Among the lines below, keep only those from the one containing "Photo of property" through the one containing "3453 Montego Bay Ln - Photo 3 of 20", and reproduce them exactly.

[Collected data entries]
>>>>>

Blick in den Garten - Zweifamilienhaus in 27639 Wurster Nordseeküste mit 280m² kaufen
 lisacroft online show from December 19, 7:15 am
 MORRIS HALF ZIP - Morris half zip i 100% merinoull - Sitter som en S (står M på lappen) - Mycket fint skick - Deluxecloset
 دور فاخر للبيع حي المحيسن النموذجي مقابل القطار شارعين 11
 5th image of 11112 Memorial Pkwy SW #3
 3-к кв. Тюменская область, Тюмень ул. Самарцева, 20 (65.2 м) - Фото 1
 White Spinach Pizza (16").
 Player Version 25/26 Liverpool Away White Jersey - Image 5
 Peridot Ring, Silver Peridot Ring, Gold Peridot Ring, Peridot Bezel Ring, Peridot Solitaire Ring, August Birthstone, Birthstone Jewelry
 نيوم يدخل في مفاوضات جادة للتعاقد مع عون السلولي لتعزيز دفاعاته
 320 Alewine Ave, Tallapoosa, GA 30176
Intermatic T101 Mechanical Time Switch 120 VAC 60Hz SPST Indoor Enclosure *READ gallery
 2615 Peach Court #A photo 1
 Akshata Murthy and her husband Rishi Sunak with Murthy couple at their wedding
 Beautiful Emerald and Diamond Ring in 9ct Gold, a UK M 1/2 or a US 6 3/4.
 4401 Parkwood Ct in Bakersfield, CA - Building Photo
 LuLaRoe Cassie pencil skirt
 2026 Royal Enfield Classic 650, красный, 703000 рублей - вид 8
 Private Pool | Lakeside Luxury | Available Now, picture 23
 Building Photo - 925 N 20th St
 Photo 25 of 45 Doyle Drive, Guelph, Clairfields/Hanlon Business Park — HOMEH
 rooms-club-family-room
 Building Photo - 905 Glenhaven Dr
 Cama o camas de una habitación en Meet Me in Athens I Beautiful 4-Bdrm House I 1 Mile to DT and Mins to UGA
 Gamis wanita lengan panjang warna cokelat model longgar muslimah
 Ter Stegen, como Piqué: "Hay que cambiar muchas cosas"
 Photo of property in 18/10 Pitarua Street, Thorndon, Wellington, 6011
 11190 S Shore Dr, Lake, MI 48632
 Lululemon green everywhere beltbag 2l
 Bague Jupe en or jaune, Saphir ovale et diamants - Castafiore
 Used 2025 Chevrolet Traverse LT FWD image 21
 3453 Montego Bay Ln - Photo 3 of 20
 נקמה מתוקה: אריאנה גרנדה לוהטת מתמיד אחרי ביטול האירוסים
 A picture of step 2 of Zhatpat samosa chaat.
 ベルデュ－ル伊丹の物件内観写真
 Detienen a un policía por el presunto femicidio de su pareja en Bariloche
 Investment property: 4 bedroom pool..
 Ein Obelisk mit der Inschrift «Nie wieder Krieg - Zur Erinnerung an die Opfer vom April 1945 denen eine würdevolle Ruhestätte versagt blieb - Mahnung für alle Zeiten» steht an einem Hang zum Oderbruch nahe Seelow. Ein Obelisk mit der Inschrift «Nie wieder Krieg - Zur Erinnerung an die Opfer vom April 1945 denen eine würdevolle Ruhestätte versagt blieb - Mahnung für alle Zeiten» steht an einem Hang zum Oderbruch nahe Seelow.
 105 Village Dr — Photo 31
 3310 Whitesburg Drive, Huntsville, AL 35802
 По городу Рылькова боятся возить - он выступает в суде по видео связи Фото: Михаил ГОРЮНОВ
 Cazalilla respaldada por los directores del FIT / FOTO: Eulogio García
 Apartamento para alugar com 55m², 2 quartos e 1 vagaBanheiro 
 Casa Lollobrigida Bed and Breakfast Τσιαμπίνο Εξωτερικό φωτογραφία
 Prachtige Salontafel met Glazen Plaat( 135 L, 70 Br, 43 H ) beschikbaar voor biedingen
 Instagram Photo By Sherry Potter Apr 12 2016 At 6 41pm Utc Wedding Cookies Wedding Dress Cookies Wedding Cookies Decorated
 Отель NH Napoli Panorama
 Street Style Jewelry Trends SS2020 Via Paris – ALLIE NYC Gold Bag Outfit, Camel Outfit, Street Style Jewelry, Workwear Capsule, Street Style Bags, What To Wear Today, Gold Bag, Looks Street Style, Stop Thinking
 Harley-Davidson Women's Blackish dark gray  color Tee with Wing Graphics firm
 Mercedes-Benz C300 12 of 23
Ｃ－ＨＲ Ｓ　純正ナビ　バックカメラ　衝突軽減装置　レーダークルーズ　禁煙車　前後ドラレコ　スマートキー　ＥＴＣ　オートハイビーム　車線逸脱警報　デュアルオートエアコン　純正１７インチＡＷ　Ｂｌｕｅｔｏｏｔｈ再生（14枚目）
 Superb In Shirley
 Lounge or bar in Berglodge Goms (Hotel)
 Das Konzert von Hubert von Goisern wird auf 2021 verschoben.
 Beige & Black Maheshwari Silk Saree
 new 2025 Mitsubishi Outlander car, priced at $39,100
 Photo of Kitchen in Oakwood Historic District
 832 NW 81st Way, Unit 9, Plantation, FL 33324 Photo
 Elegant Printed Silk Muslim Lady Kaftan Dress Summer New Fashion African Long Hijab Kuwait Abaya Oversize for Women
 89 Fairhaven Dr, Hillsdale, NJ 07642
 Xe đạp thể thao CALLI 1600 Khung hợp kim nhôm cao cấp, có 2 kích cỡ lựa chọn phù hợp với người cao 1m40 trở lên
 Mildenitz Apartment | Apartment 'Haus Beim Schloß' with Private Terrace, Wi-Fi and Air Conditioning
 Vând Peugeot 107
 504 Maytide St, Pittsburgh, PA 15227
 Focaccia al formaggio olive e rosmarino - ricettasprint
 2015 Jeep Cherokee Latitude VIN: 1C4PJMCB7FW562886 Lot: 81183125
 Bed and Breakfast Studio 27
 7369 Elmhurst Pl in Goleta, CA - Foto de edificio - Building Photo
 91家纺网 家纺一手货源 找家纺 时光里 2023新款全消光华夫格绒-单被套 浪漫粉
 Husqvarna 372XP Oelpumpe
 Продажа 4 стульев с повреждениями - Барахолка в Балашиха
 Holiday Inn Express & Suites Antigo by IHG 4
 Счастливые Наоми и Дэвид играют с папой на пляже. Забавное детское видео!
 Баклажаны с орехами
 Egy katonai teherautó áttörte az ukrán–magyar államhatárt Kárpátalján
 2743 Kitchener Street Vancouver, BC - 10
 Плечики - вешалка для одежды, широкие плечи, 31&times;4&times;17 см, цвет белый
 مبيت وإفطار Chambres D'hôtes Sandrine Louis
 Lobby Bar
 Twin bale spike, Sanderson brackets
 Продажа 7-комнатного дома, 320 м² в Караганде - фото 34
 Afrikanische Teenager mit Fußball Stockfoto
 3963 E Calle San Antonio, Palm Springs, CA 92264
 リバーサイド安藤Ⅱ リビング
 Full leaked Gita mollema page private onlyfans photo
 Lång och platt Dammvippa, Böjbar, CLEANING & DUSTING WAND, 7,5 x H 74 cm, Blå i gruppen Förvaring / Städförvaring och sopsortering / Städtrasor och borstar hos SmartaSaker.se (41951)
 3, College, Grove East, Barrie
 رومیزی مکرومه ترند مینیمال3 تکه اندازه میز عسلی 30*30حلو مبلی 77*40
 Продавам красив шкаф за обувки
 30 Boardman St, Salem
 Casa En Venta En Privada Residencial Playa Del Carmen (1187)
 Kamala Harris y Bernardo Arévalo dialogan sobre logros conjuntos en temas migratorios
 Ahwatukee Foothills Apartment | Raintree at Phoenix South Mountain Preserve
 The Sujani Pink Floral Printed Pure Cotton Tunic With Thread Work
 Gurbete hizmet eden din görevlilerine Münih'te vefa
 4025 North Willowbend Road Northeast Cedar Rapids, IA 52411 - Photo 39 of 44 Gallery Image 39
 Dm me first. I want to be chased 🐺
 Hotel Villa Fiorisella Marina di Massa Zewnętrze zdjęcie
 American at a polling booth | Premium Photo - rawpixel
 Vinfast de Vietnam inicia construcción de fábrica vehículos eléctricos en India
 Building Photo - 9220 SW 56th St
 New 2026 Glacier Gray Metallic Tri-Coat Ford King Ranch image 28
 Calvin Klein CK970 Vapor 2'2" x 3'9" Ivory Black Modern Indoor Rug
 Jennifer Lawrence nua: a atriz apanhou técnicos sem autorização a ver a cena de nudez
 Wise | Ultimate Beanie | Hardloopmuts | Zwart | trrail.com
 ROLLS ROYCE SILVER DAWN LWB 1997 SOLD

<<<<<

● FINISHED EXERCISE:
 Photo of property in 18/10 Pitarua Street, Thorndon, Wellington, 6011
 11190 S Shore Dr, Lake, MI 48632
 Lululemon green everywhere beltbag 2l
 Bague Jupe en or jaune, Saphir ovale et diamants - Castafiore
 Used 2025 Chevrolet Traverse LT FWD image 21
 3453 Montego Bay Ln - Photo 3 of 20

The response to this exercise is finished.